# I went - the crappie paid!



## Try'n Hard (Oct 23, 2008)

All that moaning about wanting to go and I decided to do something about it! Don't hate!!
Found them about 6 tonight in 15'. Tight in a submerged tree. I got bit every throw for nearly two hours. 2 went over 2# and almost 16". 
Chartreuse road runner with gold blade. Red and white tube was all they wanted. Ended up with 16


----------



## JoeyWelch (Sep 25, 2009)

You da man!!
Nice job.


----------



## ChileRelleno (Jul 7, 2012)

Time for a feast!


----------



## sureicanfish (Sep 30, 2007)

Daggum


----------



## Try'n Hard (Oct 23, 2008)

It is really hard to long arm a fish in a selfie!


----------



## sureicanfish (Sep 30, 2007)

Try'n Hard said:


> It is really hard to long arm a fish in a selfie!
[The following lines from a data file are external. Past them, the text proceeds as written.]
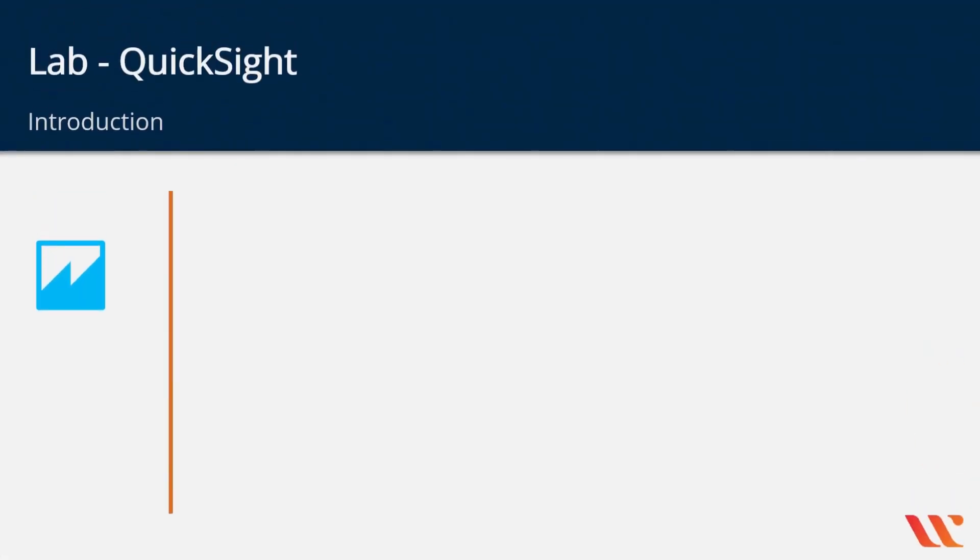Welcome to this lab on the QuickSight service. Before we go on to the lab, let's have an introduction.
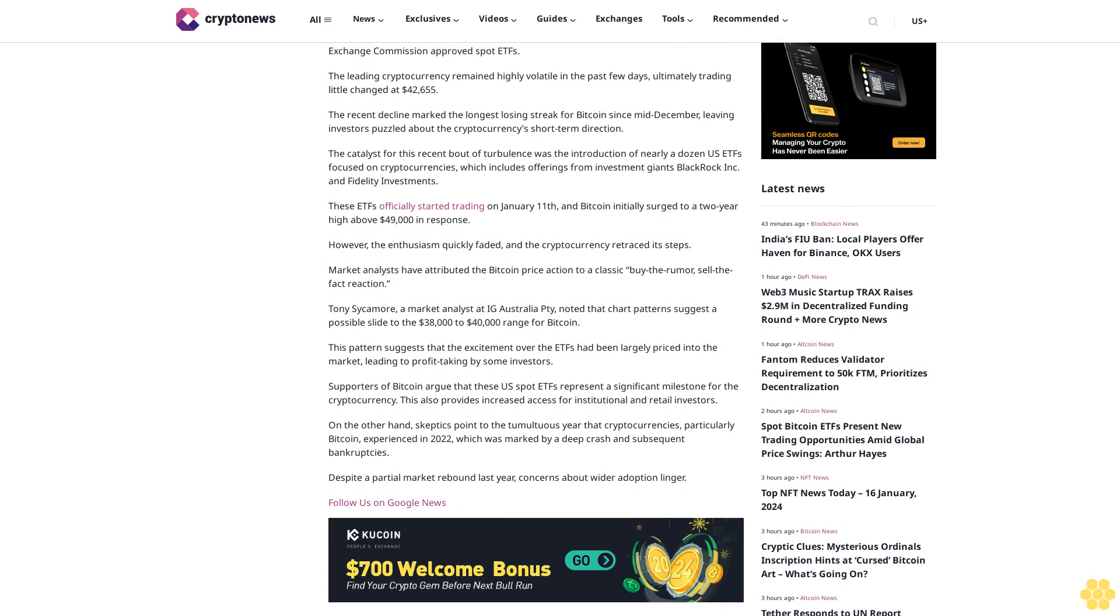Supporters of Bitcoin argue that these U.S. spot ETFs represent a significant milestone for the cryptocurrency, providing increased access for institutional and retail investors. On the other hand, skeptics point to the tumultuous year that cryptocurrencies, particularly Bitcoin, experienced in 2022, which was marked by a deep crash and subsequent bankruptcies. Despite a partial market rebound last year, concerns about wider adoption linger.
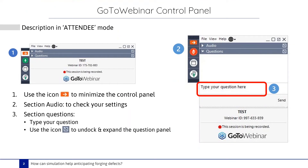Before we start, just a few words about the GoToWebinar platform and how to operate the control panel. You can use the orange arrow to minimize the control panel to the right. By default, the microphone will be turned off for all participants. At any time, feel free to type your question in the question zone. During the question and answer session, I will get back to you and answer these questions.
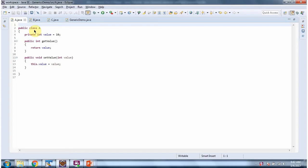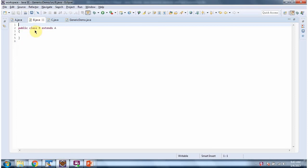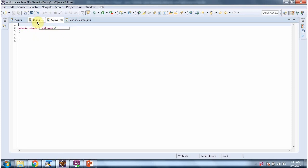Here I have defined class A. Here I have defined class B which extends class A. Here I have defined class C which extends class A. So class B and class C are subclasses of class A.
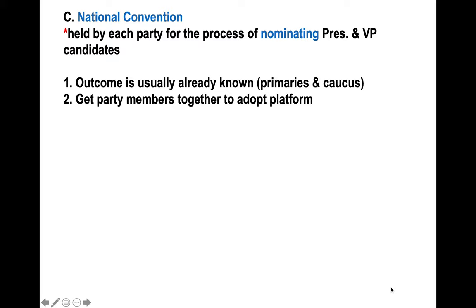Before the national convention takes place, the outcome is usually already a known thing based on the primary and caucus results. So there's usually not a whole lot of surprises there, but in the past, there has been.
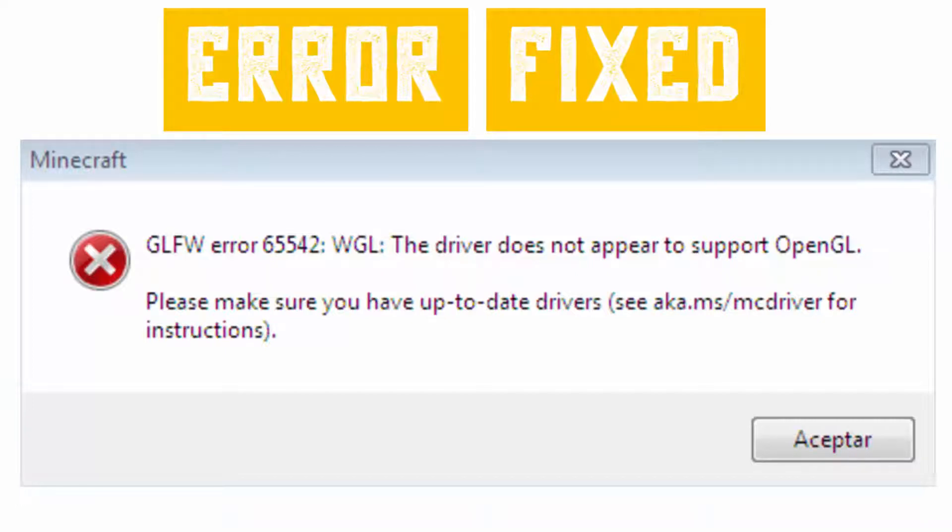Hello YouTube, today we are going to see how to fix this GLFW error 65542, 65543, and 65544. The device does not support OpenGL.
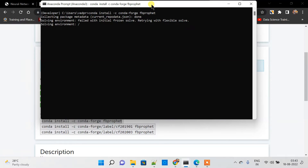You can skip ahead and fast forward the video because the installation is going to take some time. I don't want to keep you waiting, so feel free to fast forward.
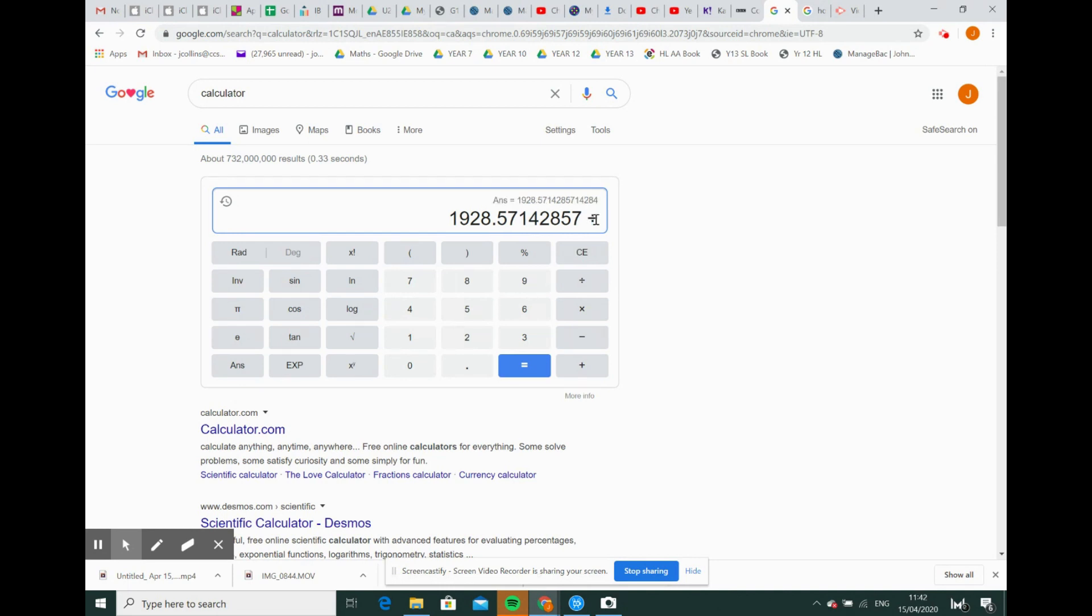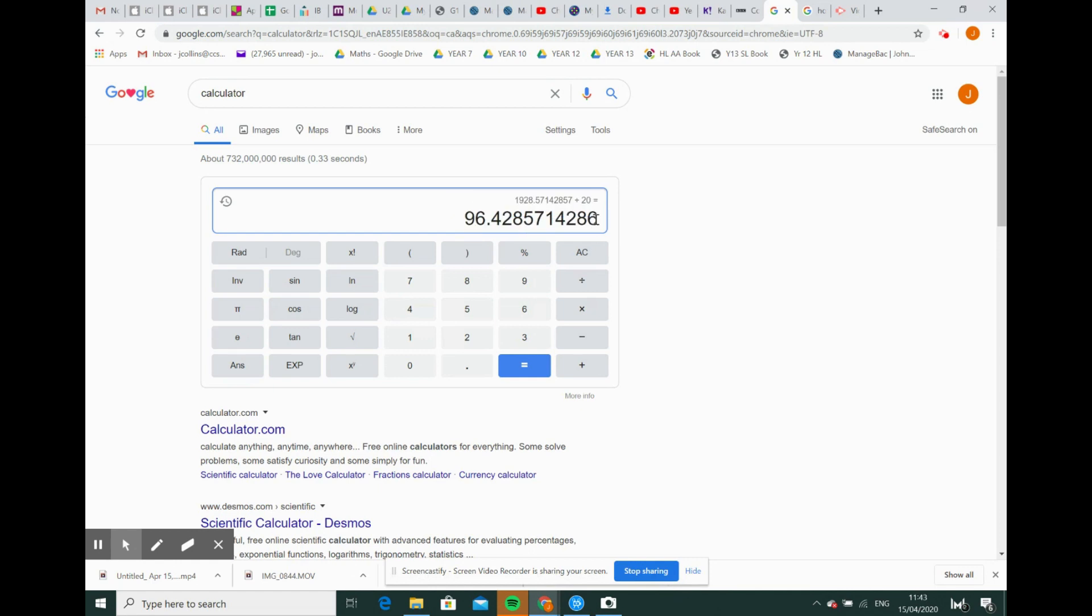I counted the steps - there's 20 in my flight of stairs. So how many flights of stairs do I have to do? Divided by 20 means I have 96.42. I'm going to round that up, so I'm not cheating. I'm going to try and do 97 flights of stairs.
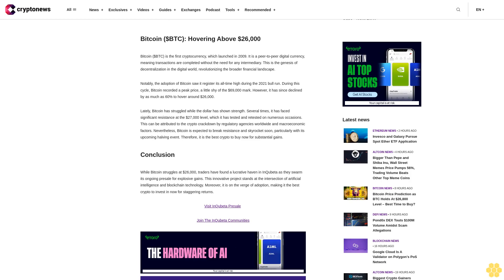Conclusion. While Bitcoin struggles at $26,000, traders have found a lucrative haven in Inquibeta as they swarm its ongoing presale for explosive gains. This innovative project stands at the intersection of artificial intelligence and blockchain technology. Moreover, it is on the verge of adoption, making it the best crypto to invest in now for staggering returns. Visit Inquibeta presale. Join the Inquibeta communities.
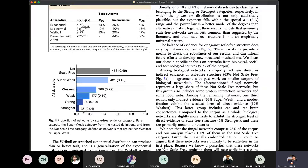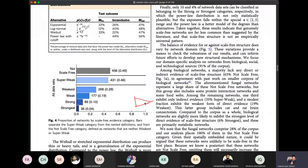In scale-free networks, the degree distribution is the strongest when on a log-log scale you have a straight line from the beginning to the end. That would be the strongest scale-free form. They have discovered that fully scale-free networks are rare — among around 900 real-life networks, only about 4% are scale-free.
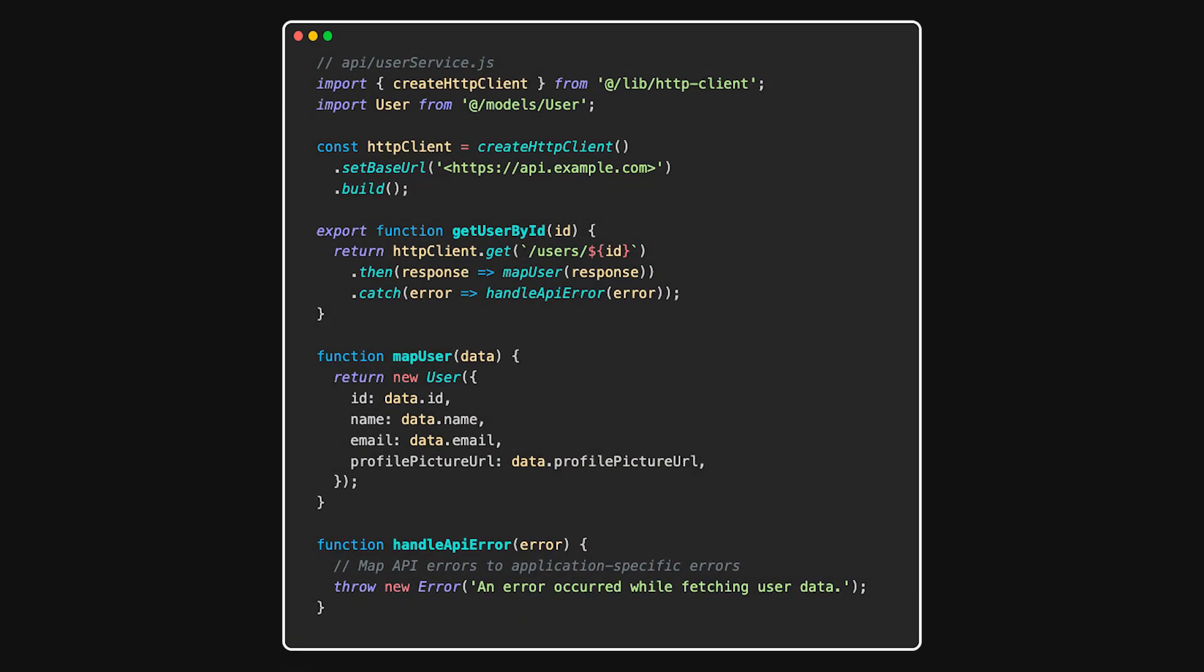Let's create a function to fetch user data. In this example, we use an HTTP client from our infra layer. We define getUserById to fetch user data. We map the API response to a user model. We handle errors in a centralized way.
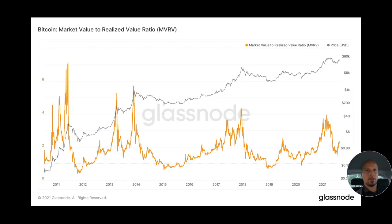In this episode I'm going to be explaining the NVRV. It's an on-chain indicator that historically has been used to time market tops and bottoms in Bitcoin. I've written about this on my LinkedIn, so search blockchain analytics or see the description if you want to check out more of this type of content.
Well, your face makes it look like a 70 pounder!


Because it looks like you're straining...which could be a whole new fish picture must do


----------



## Bodupp (Oct 3, 2007)

Either you have small hands, or that's a biggun! After more than 60 years of trying hard, I still don't have an honest 2 pound crappie. One pound 13 ounces is my best. Still waiting on my first two pound cracker, too. Maybe in the next couple of weeks I can git 'r done.

Do you think the crappie have spawned out, Kevin?


----------



## GROUPERKING (Sep 28, 2011)

Way to go there Kevin , those are some fine ones !


----------



## skiff89_jr (Apr 1, 2011)

Those are some pretty white crappie. Even a black in there!


----------



## FishWalton (Jul 22, 2010)

Ok . Ok, rub it in! But a really nice bunch of fish. I'm hooked up and headed to the Choctaw this morning to see if I can redeem myself and catch at least one fish. I need a shot of fish oil!


----------



## Jason (Oct 2, 2007)

Heck yeah brother!!! Glad you got a bunch!!!


----------



## Cousin-it (Apr 10, 2012)

Nice:thumbsup::thumbsup::thumbsup:


----------



## Try'n Hard (Oct 23, 2008)

Bodupp said:


> Either you have small hands, or that's a biggun! After more than 60 years of trying hard, I still don't have an honest 2 pound crappie. One pound 13 ounces is my best. Still waiting on my first two pound cracker, too. Maybe in the next couple of weeks I can git 'r done.
> 
> Do you think the crappie have spawned out, Kevin?




Some have - but I caught them today and yesterday - some in 2' of water all with egg sacks. 
I want to have a couple mounted and was told that I should hold out for a 3#er. They catch them that big but I'm thinking I better mount a 2 pounder so that I can enjoy him before I die!


----------



## mssbass (Nov 23, 2008)

*Crappie Water*

Are you fishing the river? Is the water down any or still up in the trees?


----------



## Try'n Hard (Oct 23, 2008)

mssbass said:


> Are you fishing the river? Is the water down any or still up in the trees?




Lake off the river above millers ferry


----------



## specktackler57 (May 15, 2011)

Nice and want slap you in the cods


----------